The walk after Coit Tower was everyone’s favorite because it was all downhill and we were heading towards Alcatraz and the bay. We had enough time to grab something to eat for lunch so we headed toward Fisherman’s wharf for some seafood of some kind. I ordered fried fish and chips with a crab cake and Kenny and Reilly decided that clam chowder was the best option. As you can imagine there were a million seagulls sitting around begging for scraps and as we left our bench the unthinkable happened. Out of nowhere Kenny stopped and exclaimed “What the hell?!” then realized that he had been slurry bombed by the white devils. I apologized because I was sure it was the one I had been taunting all lunch and he had just missed. Kenny bolted for the restroom while Reilly and I tried to keep our snickering to a minimum.

Once the crisis was taken care of we had to power walk straight toward the Alcatraz ferry to catch it for our 1:30 time frame. As we strolled up, to what I thought was early, we realized that the line was for our ticket times. So we quickly got in line and secured our spots.

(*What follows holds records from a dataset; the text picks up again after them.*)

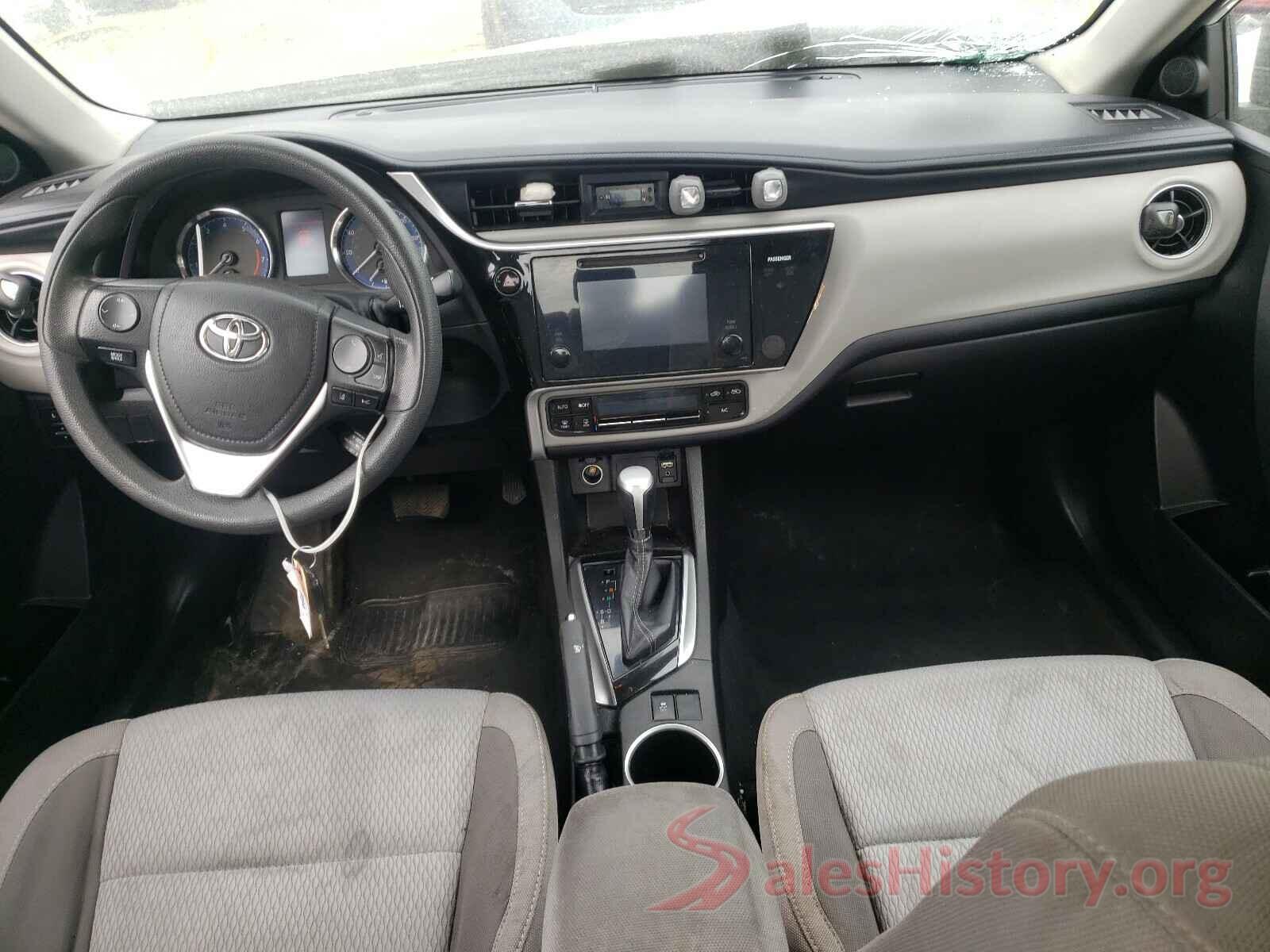 5YFBURHE3HP581528 2017 TOYOTA COROLLA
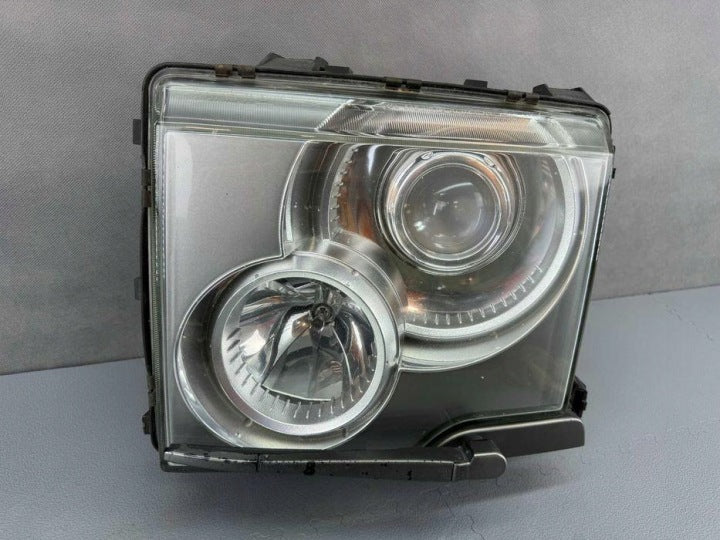 Frontscheinwerfer Land Rover Range III L322 103419012424 Xenon Links Headlight SCH1473378904me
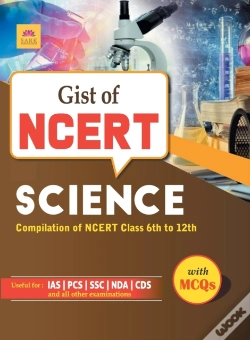Capa do artigo Ncert Science English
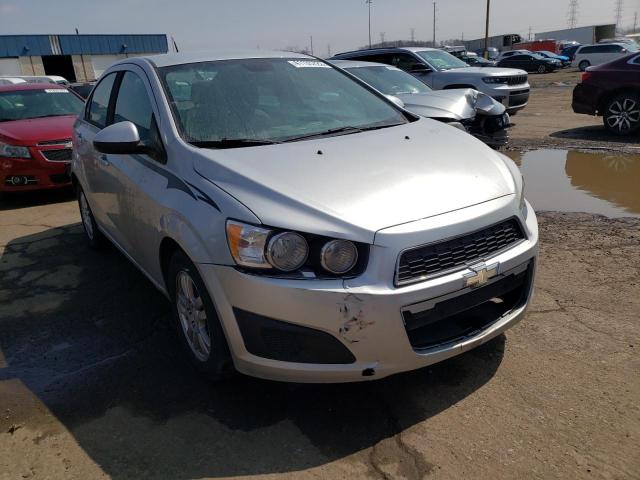 CHEVROLET SONIC LS 2012 1g1ja5sh7c4125343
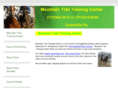 mountaintrailtraining.com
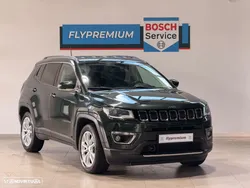 Jeep Compass 1.3 T Limited DCT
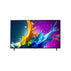 LG 55QNED80T3A, 55" 4K QNED HDR Smart TV, 3840x2160, DVB-T2/C/S2, Alpha 5 AI 4K Gen7, HDR 10 PRO, webOS 24 ThinQ, 4K Upscaling, WiFi 5, Voice Controll, Bluetooth 5.1, AirPlay 2, LAN, CI, HDMI, SPDIF, 2 pole Stand , Silver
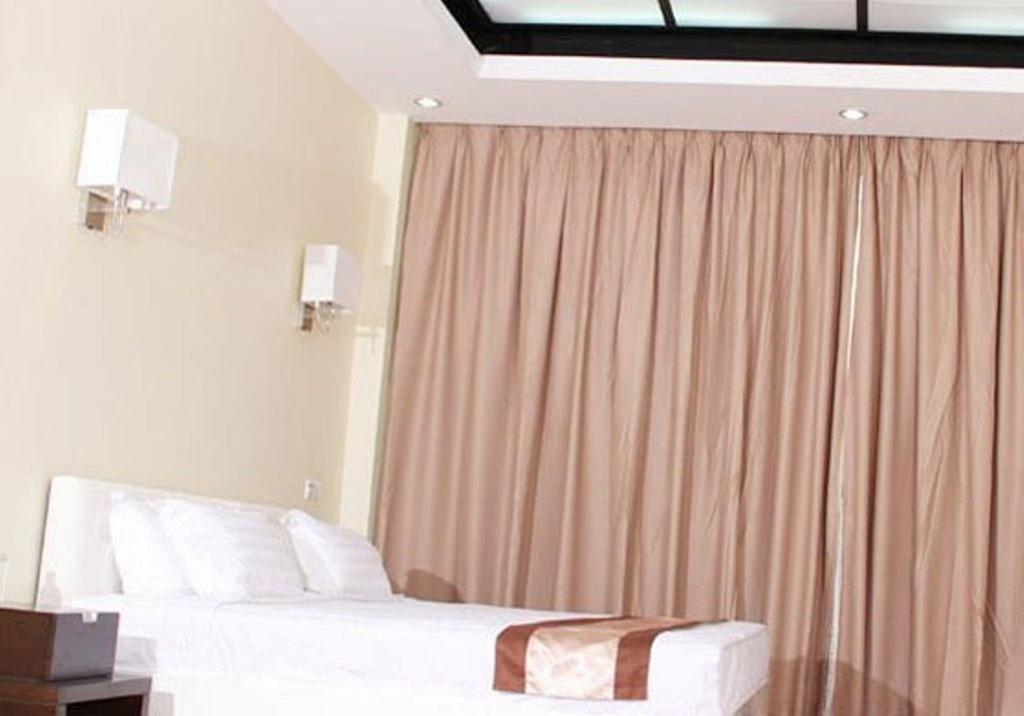 Sky Man Hotel Gyogon Quarto foto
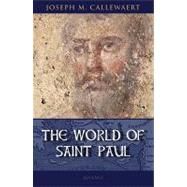 The World of Saint Paul 9781586174125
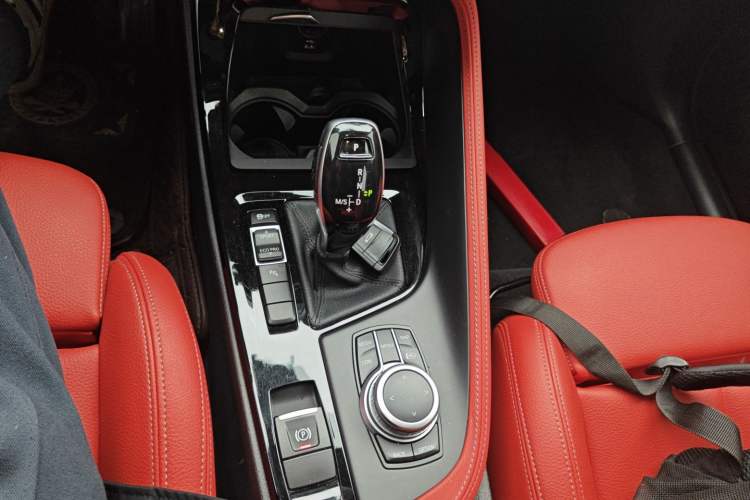 Used BMW X2 2021 sDrive25i Leading Model M Sport Package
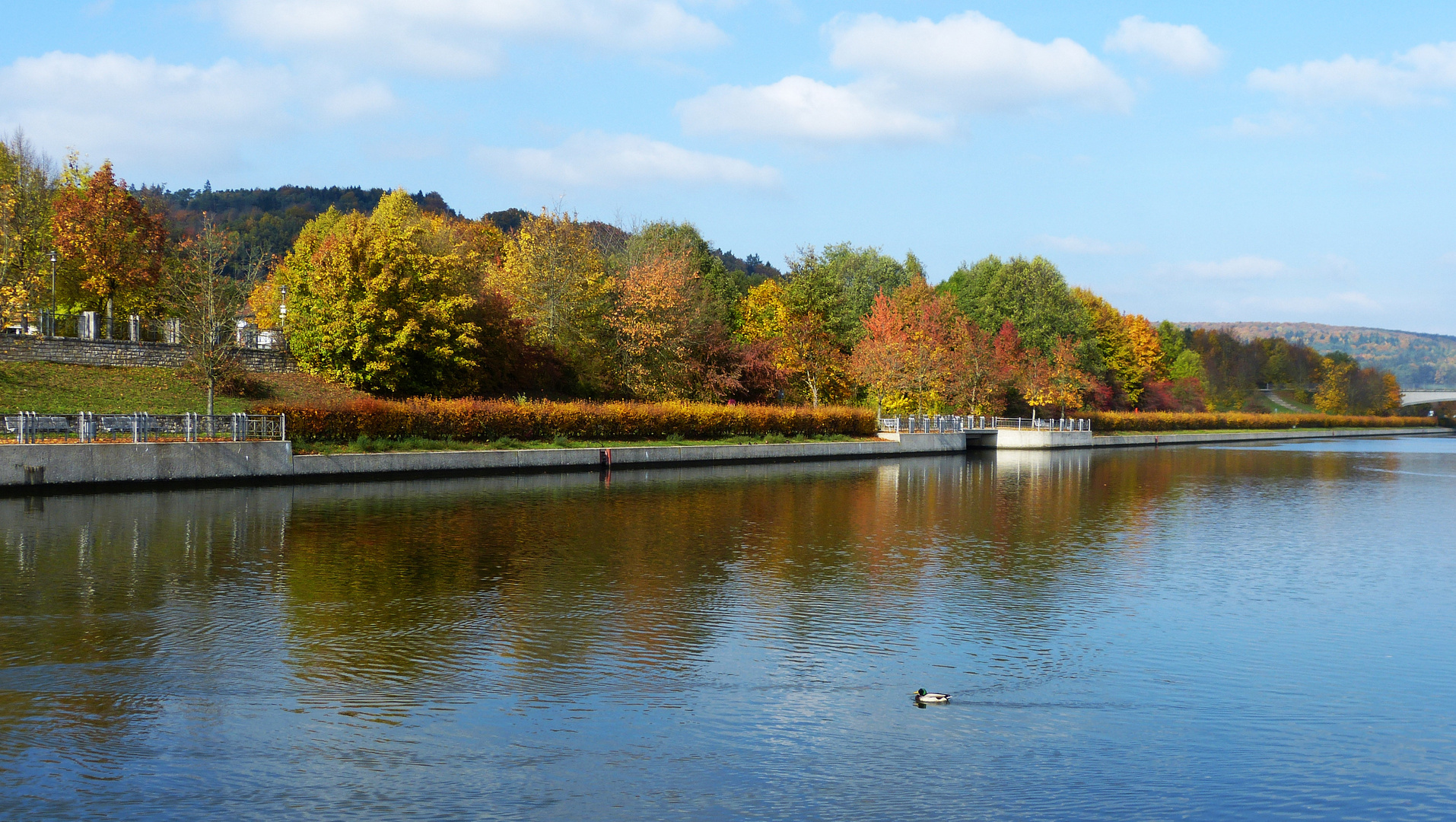 Der Main-Donau-Kanal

While we were waiting in the sun (which I will blame for our sun burns but it was a beautiful 75 degrees) we met a mother and daughter from Chicago on their own grad trip. It helped the time pass and before we knew it we were on the ferry.

On our way over there were great vantage points of the city and the bridges and everyone was scrambling for pictures of the scene. As we disembarked from the ship we got a quick lecture on the rules of the island and then were set loose to check out the former maximum security prison. I will say that the audio tour was by far the most informative and best one that I had ever been on and really gave you a feel for the area. The primary sources and direct quotes throughout the prison made it really come alive and I recommend it for anyone who is in the area.

On the way back to the mainland there was a calmer sense about the crowd and everyone seemed to be enjoying the relaxing roll of the boat as well as resting their tired legs.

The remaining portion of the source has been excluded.